The parameter $\lambda$ is intended to be the greatest common divisor of $\{x,y,p\}$. When it is, $x=2 m n$ and $y = m^2-n^2$ must be relatively prime. Because $x$ is obviously even, $y$ must be odd: that uniquely determines which of these two numbers is $x$ and which is $y$. Therefore, we do not need to check for duplicates if, in the looping, we guarantee that $2 m n$ and $m^2-n^2$ are relatively prime. A quick way to check is that (a) $m n$ and $m+n$ are relatively prime and (b) $m$ and $n$ have opposite parity. Making this check is essentially all the work performed by the algorithm: the rest is just looping and counting.

By eliminating the check for duplicates, the new solution doubled the speed once more, from 2400 microseconds to 1300 microseconds. Where does it spend its time? For an argument $p$ (such as $1000$),

  • Approximately $p/2$ calculations of a GCD (for the second loop over n).

  • A loop of length $p/2 / (m(m+n))$ for each combination of $(m,n)$.

An easy upper bound for the total number of iterations is $\frac{p}{8}\log{p}$, demonstrating the $O(p\log{p})$ scaling. If we assume the GCD calculations take an average of $\log{p}$ arithmetic operations each, the total number of operations is less than $p\log{p}$ plus comparable loop overhead together with incrementing an array of counts. The post-processing would merely scan that array for the location of its maximum. At $3 \times 10^9$ operations per second and $p=10^3$, the timing for good compiled code would be 0.3 microseconds. Problems up to $p \approx 10^{10}$ could be handled in reasonable time (under a minute) and without extraordinary amounts of RAM.
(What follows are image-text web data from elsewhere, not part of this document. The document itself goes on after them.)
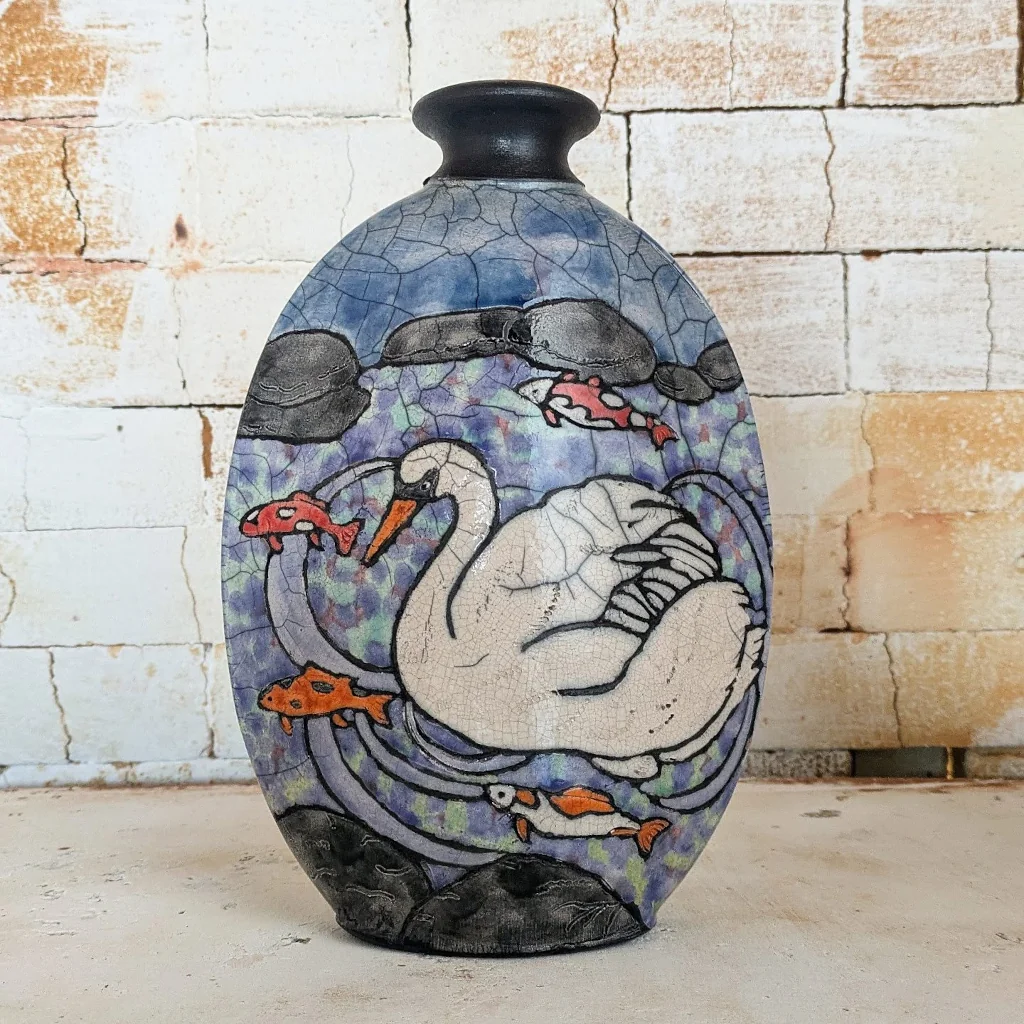 Swan motif raku vase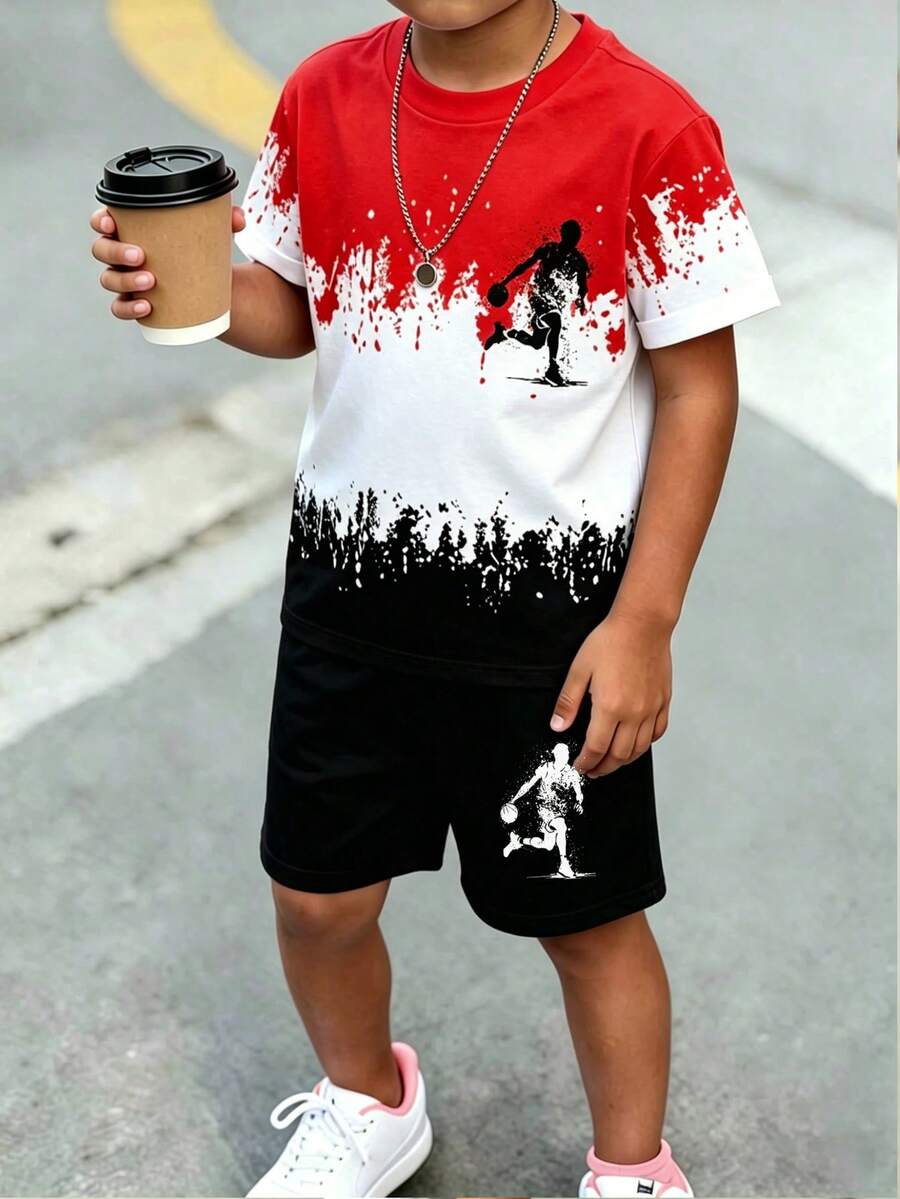 Bộ 2 món cho bé trai tuổi teen, gồm áo thun ngắn tay cổ tròn và quần short in hình vận động viên chạy bộ màu đỏ trắng đen, kiểu dáng thường ngày thời trang, họa tiết ngộ nghĩnh, trang phục thể thao mùa hè ngoài trời, chất liệu mềm mại và thoải mái, phù hợp cho trẻ em mặc trong các hoạt động ngoài trời. - Nhiều màu - Xem 1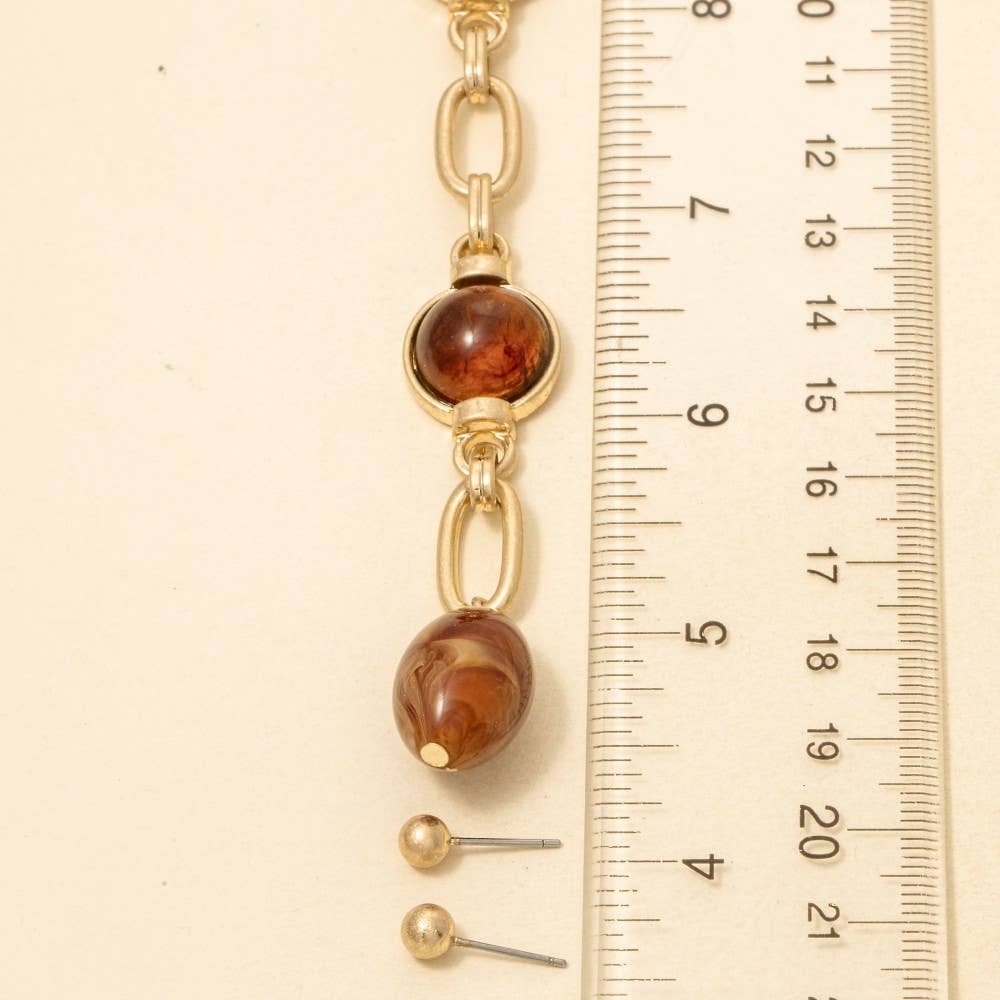 Dome Station Studs Oval Chain Necklace Set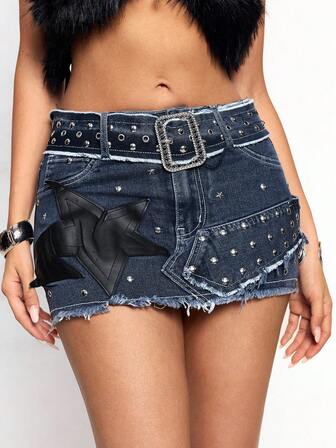 J-Fashion Jupe en jean mini taille ultra basse avec décorations de perles et œillets, style rétro Y2K sexy pour femmes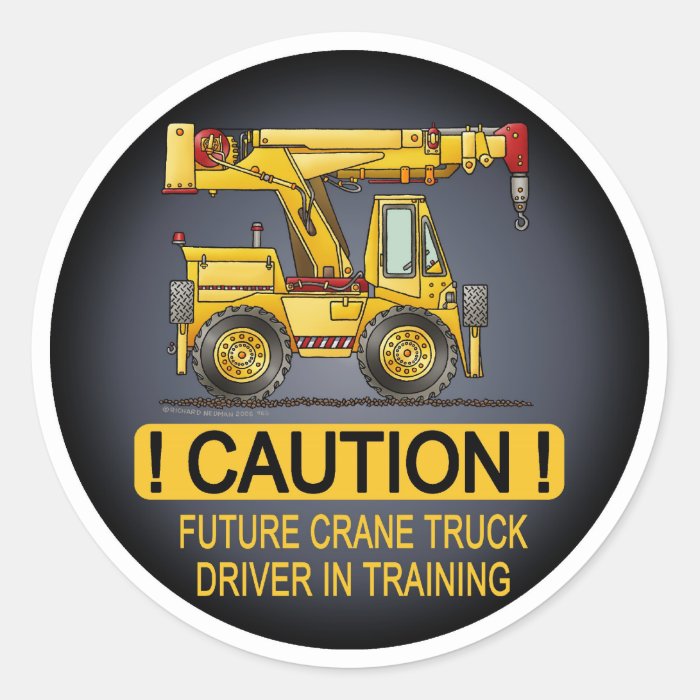 Future Crane Truck Driver Kids Sticker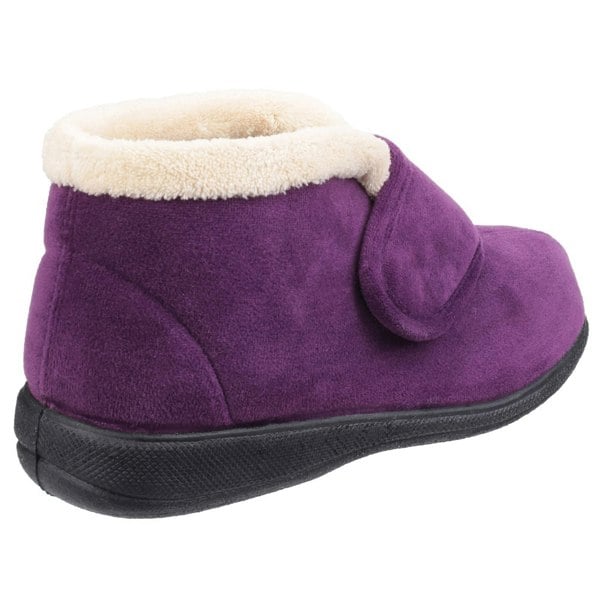 Fleet & Foster Womens/Ladies Levitt Touch Fasten Slippers - Plum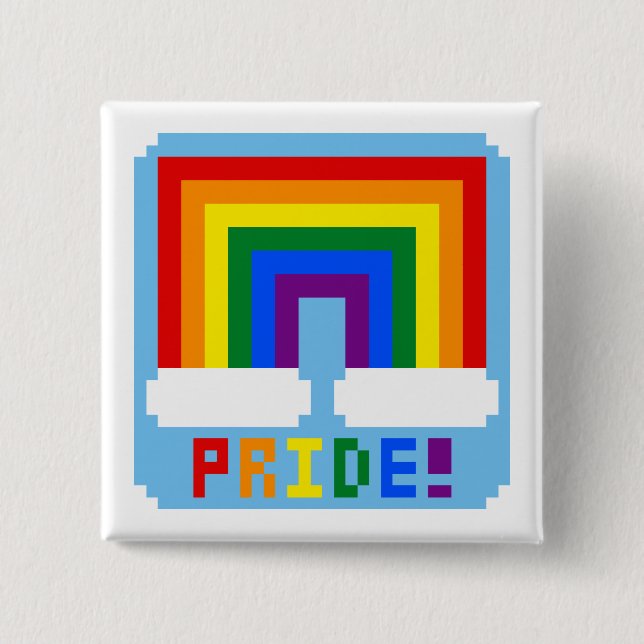 Badge Carré 5 Cm LGBT+ Fierté de pixel (Devant)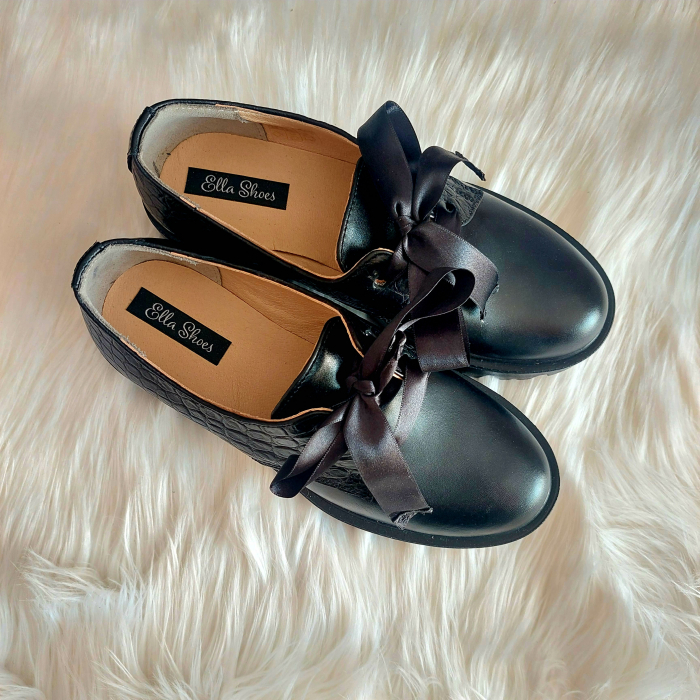 Pantofi piele naturală șiret fundă [3]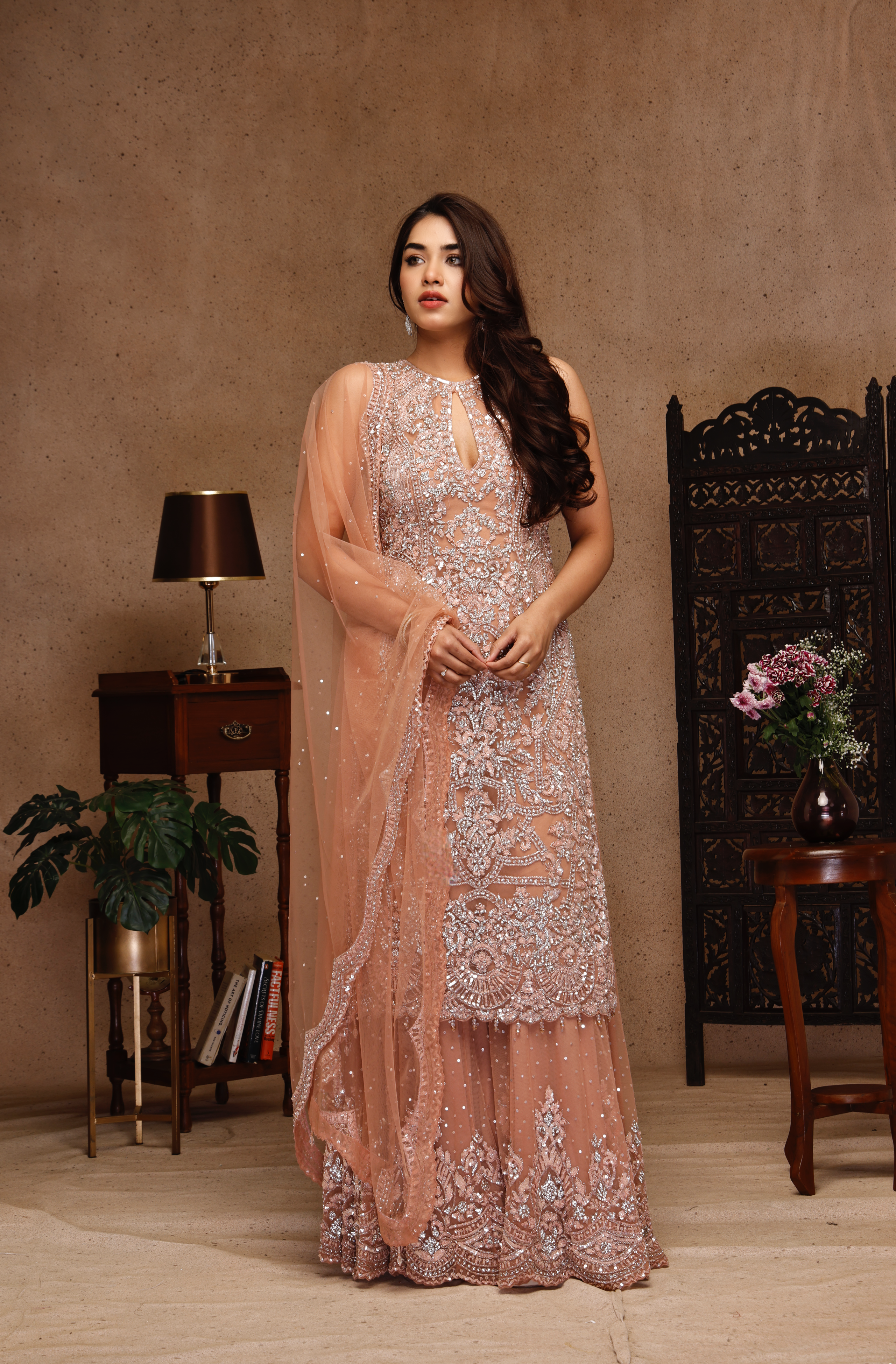 DARK PEACH EMBROIDERY SUIT AND SHARARA WITH DUPATTA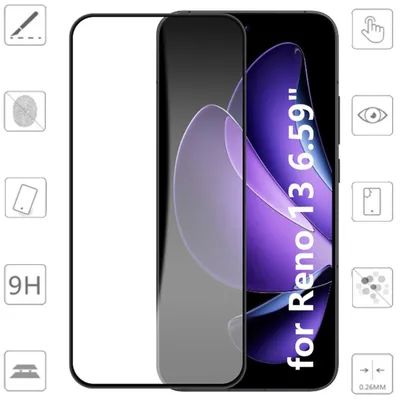 Immagine prodotto di Per Oppo Reno 13 5G 2x 3D Premium Display Full LCD H9 0,3 mm Protezione dello schermo in vetro temperato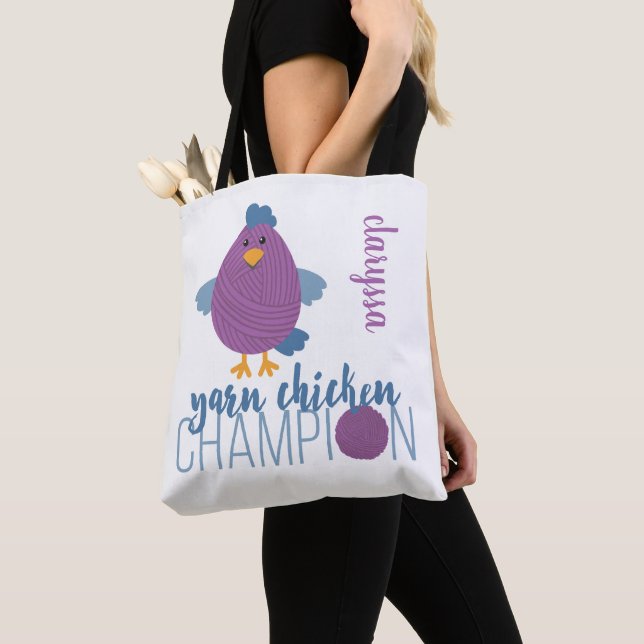 Purple & Blue Yarn Chicken Champion Tote Bag (Close Up)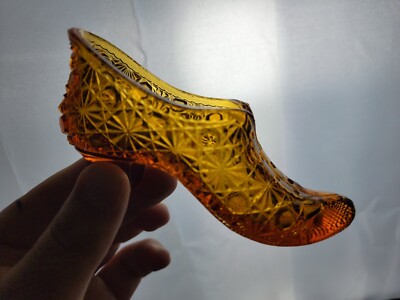 SHOE SLIPPER AMBER Vintage CUT/PRESSED COLORED Glass Toothpick Holder ...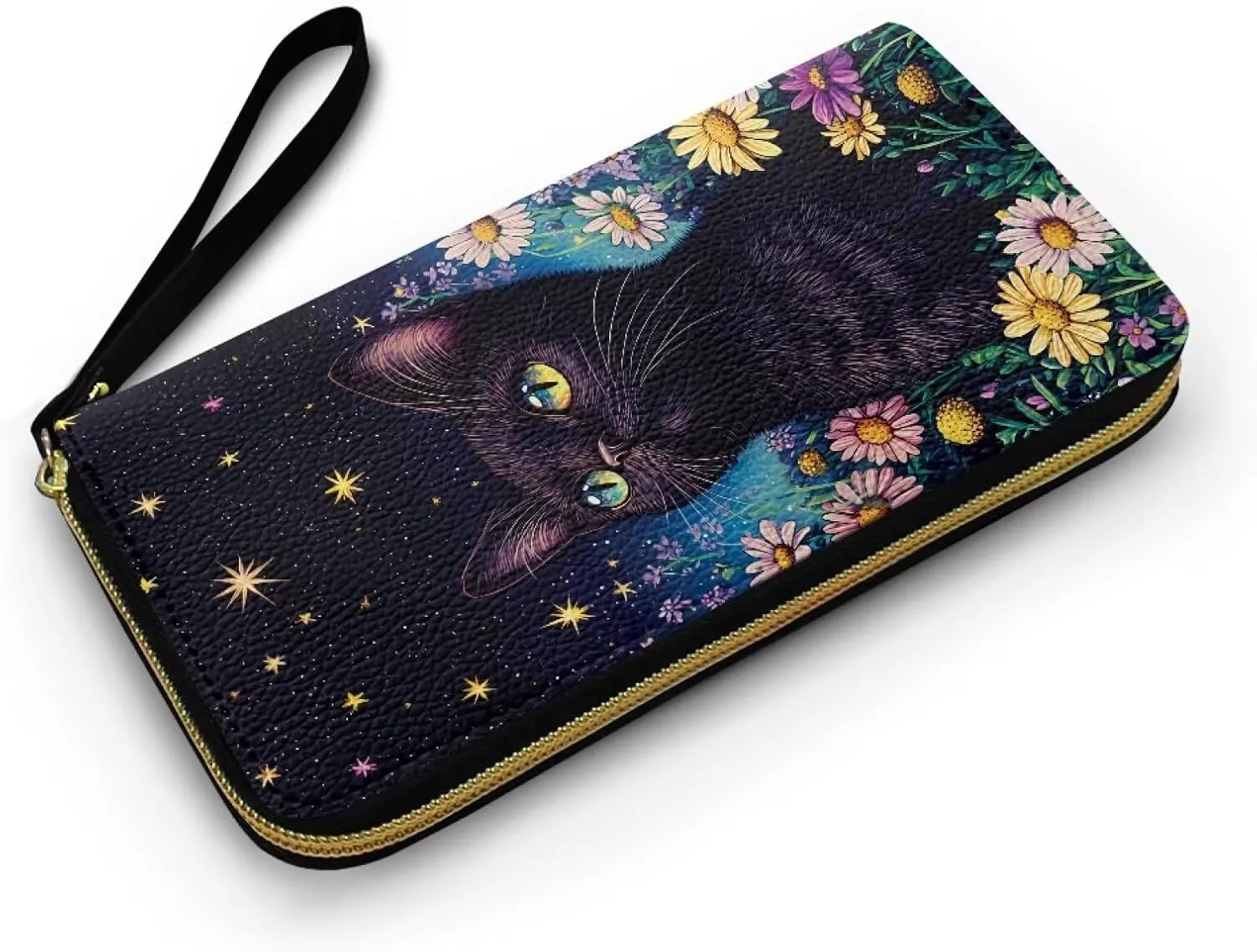 Black Cat Zip Around Wallet for Women PU Leather Credit Card Holder, Kitty Flowers Stars Painting Zipper Wallet Money Organizers Coin Purse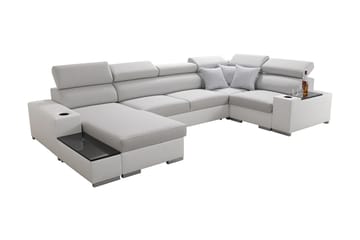 U-Bäddsoffa Zane Divan Vänster - Ljusgrå/Vit - Möbler - Soffa - Bäddsoffa - Bäddsoffa divan
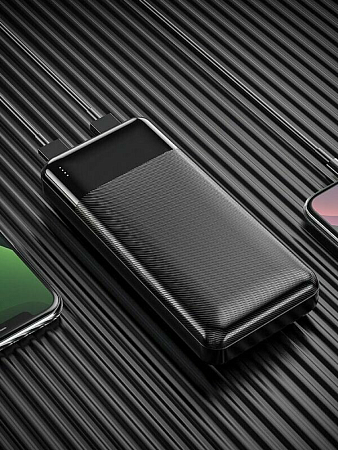 Универсальный Доп. Аккумулятор 20000mAh, J72A, HOCO, 2 USB (5V/2.0A), черный
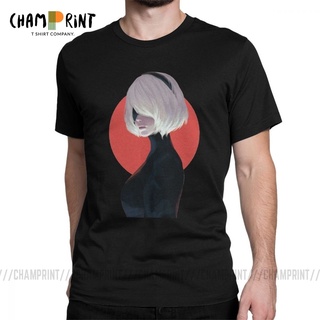 ผ้าฝ้ายคอกลมเสื้อยืดแขนสั้น ผ้าฝ้ายแท้ พิมพ์ลาย Nier Automata 2B Yorha Type B Ps4 Game สไตล์วินเทจ สําหรับผู้ชายfrom S-4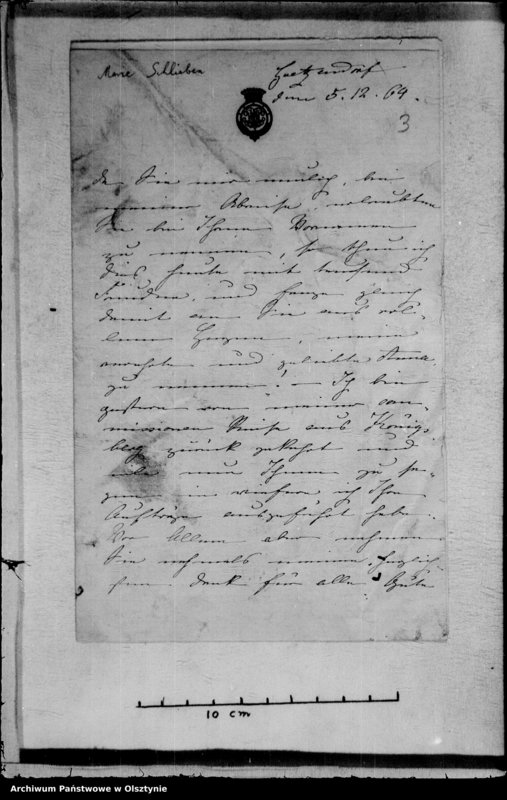 image.from.unit.number "/Marie Gfin v. Schlieben- Sanditten geb. v. Ploetz auf Goetzendorf an Anna Gfin Lehndorf geb. Hahn/"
Here's an approach based on finding all right angled triangles with a hypotenuse <=500 and measuring the perimeters. The answer is the Commonest perimeter which is less than 1000. This runs in about 1 second.

rats[n_] := DeleteDuplicates[
 Cases[Divisors[n^2, GaussianIntegers -> True], 
 z_Complex /; Abs[z] == n :> Sort[{Re@z, Im@z, n}]]];

Commonest[Select[Flatten[Table[Total[rats[h], {2}], {h, 5, 500}]], 0 < # <= 1000 &]]

(* 840 *)

Update

It is a bit faster to use PowersRepresentations to get the right angled triangles. Here is the solution as a one-liner:

Commonest[Select[
 Flatten[# + Total[Rest@PowersRepresentations[#^2, 2, 2], {2}] & /@ Range[500]],
0 < # <= 1000 &]]

The following is a very straightforward algorithm, implemented using inner loop vectorization technique, which is an adaptation of my reply to this blog post:

fn = 
  Compile[{{p, _Integer}},
     Module[{al = Range[p], bl = 1, c = Range[p], d = Range[p], 
          zeros = 0*Range[p],result = 0*Range[p], rctr = 0},
       For[bl = 1, bl <= p/2 + 1, bl++,
          c = p - al - bl;
          d = UnitStep[-Abs[c*c - bl*bl - al*al]];
          If[d != zeros,
             result[[++rctr]] = First@c[[Pick[Range[Length[d]], d, 1]]];
          ]
       ];
       Union@Take[result, rctr]]
  ];

This function returns a list of hypotenuse lengths for a given perimeter, for example:

fn[120]

(* {50,51,52} *)

What is remarkable about this function is that, due to the vectorized inner loop, compilation to C does not bring any speed enhancements.

Using the above function on my 6 cores, I get:

Position[#,Max[#]]&@ParallelMap[Length[fn[#]]&,Range[1000]]//AbsoluteTiming

(*
   {0.7812500,{{840}}}
*)

while on a single core I get it in about 3.2 seconds.